Table 8. Vitamin K recommendation to prevent VKDB in term infants.
The questionnaire to retrieve information regarding the daily practice for vit administration in term born infants in the maternity wards in Flanders had a remarkable response rate of 95% (54/57) [49]. The outcome of this questionnaire illustrates very well the debate about the best way to administer vit K prophylaxis. While there is 100% conviction that vit K administration immediately after birth is mandatory, there is no agreement about the best way to administer the vit K, since 54% administer vit K IM and 46% oral [49]. When the same colleagues were contacted to vote on the new consensus statements based on this review of the literature, we succeeded in convincing most of the respondents to switch to IM administration since only 5 % continued to prefer the oral administration of vit K.

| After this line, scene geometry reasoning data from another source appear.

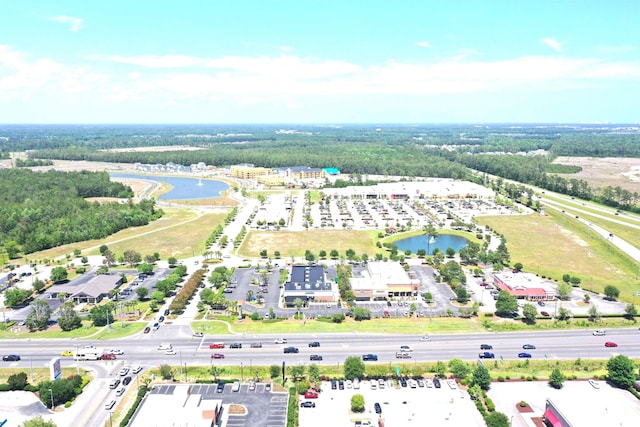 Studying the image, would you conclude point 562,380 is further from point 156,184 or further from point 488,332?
point 156,184

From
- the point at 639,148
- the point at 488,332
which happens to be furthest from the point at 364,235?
the point at 639,148

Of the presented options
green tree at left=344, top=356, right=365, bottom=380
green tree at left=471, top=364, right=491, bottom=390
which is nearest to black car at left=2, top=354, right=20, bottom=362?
green tree at left=344, top=356, right=365, bottom=380

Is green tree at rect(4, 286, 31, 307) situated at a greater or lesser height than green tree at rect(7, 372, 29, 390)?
greater

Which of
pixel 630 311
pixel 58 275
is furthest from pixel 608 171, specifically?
pixel 58 275

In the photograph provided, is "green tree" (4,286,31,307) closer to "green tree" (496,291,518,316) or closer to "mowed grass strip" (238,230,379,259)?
"mowed grass strip" (238,230,379,259)

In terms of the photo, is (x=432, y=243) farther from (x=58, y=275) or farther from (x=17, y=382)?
(x=17, y=382)

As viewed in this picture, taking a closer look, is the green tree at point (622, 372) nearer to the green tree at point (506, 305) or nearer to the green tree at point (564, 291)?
the green tree at point (506, 305) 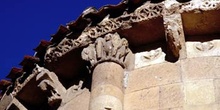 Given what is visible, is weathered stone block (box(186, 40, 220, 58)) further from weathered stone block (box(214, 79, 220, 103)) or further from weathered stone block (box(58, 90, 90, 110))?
weathered stone block (box(58, 90, 90, 110))

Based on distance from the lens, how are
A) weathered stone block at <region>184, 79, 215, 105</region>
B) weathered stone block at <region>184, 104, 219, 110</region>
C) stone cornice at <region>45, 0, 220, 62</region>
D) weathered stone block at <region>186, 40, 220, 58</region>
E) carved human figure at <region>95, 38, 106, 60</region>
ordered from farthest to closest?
carved human figure at <region>95, 38, 106, 60</region> < stone cornice at <region>45, 0, 220, 62</region> < weathered stone block at <region>186, 40, 220, 58</region> < weathered stone block at <region>184, 79, 215, 105</region> < weathered stone block at <region>184, 104, 219, 110</region>

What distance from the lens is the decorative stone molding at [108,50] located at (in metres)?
6.56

Compliance is not an issue when parenteral prophylaxis is applied, except if the administration is unintentionally omitted. Compliance is a more relevant issue in the case of oral prophylaxis. Table 9 summarizes the pros and cons of IM versus oral prophylactic administration of vit K. Studies showed an increased prevalence and incidence of late VKDB in the event of oral prophylaxis [37,62]. Zurynski et al. reported in 2020 a significant increase in parental refusal: in the second half of the study, the number of VKDB cases following parental refusal doubled [43]. Busfield et al. stated parental refusal already in 2013 as the most important issue in the prophylactic prevention of VKDB [41]. Loyal et al. reported that the refusal of IM vit K by parents was notably higher among home births and in birthing centers. The main reasons for refusal were: concern of pain and harm from the injection and a desire to be natural and a belief in alternative methods of prophylaxis [63]. There are many factors contributing to determine an optimal vit K administration regimen e.g., cost, accessibility, compliance, ease of use, effectiveness, contra-indication, side-effects, parental refusal, or health care organizations. A risk with an IM injection is a potential local reaction such as an infection or muscle bleeding at the injection site. Von Kries investigated in 1992 potential complications following IM injection of vit K and found no significant complications in a study population of 420,000 neonates [36].

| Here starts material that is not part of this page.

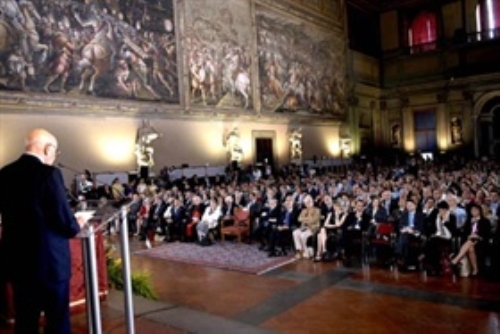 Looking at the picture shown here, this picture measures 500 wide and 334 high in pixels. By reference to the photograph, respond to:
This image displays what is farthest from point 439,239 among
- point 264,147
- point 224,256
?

Table 9. Pros and cons of intramuscular and oral prophylactic administration of vitamin K.
Pain as a side-effect of an IM injection, and prevention of pain and discomfort are reasons for a higher parental refusal [34]. We are aware that our assessment of the literature and survey has focused on VKDB and does not cover the topic of pain management, but meta-analytical evidence on effective management of this needle and injection pain has been published, as Cochrane reviews highlight the efficacy in pain relief of skin-to skin contact, mother’s milk and sucrose during an IM injection [64,65,66]. In essence, such types of interventions include swaddling/containment, skin-to-skin care, breastfeeding or sweet tasting solutions to stimulate sucking. Effective implementation of such strategies is relevant beyond the emotional and ethical aspects of pain management, as knowledge and awareness of the (long-term) psychological effects of pain in neonates increases [67]. There is an obvious need to minimalize pain during treatment procedures, including vit K prophylaxis.

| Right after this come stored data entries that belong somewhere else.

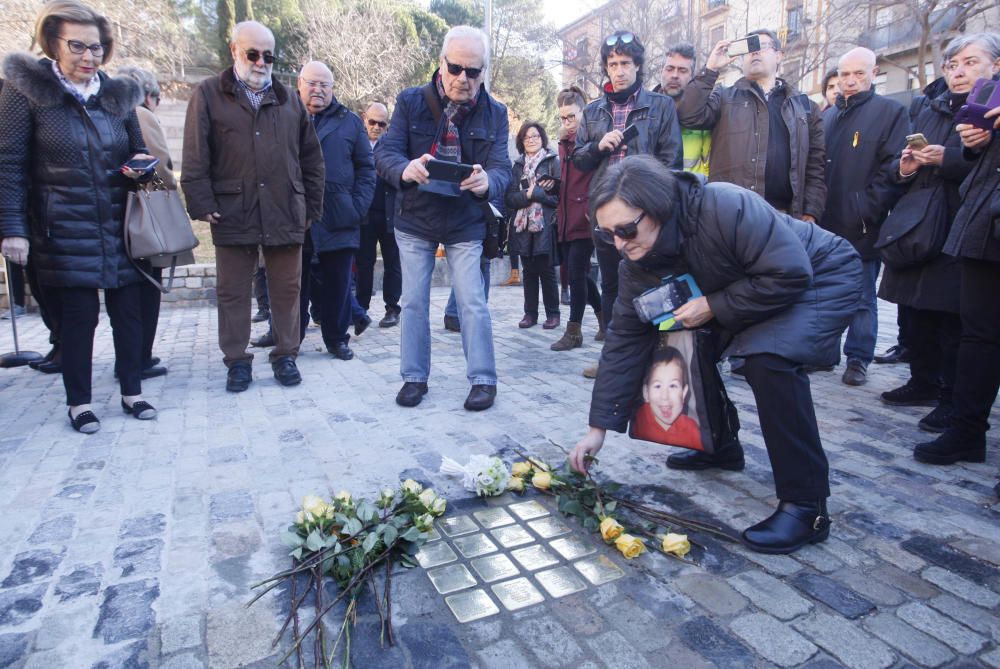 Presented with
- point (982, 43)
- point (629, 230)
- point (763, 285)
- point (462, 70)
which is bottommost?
point (763, 285)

Literature on IV administration of Vit K is very limited. However, anaphylactic reactions have been reported [19]. IV administration may be considered as an effective way to administer Vit K in newborns who already have an IV access, quite common, e.g., in preterm and (critically) ill neonates. Despite the limited data available, the majority of the Belgian NICUs prefer the IV route for vit K administration. Furthermore, the current recommendations for vit K prophylaxis for premature neonates vary widely.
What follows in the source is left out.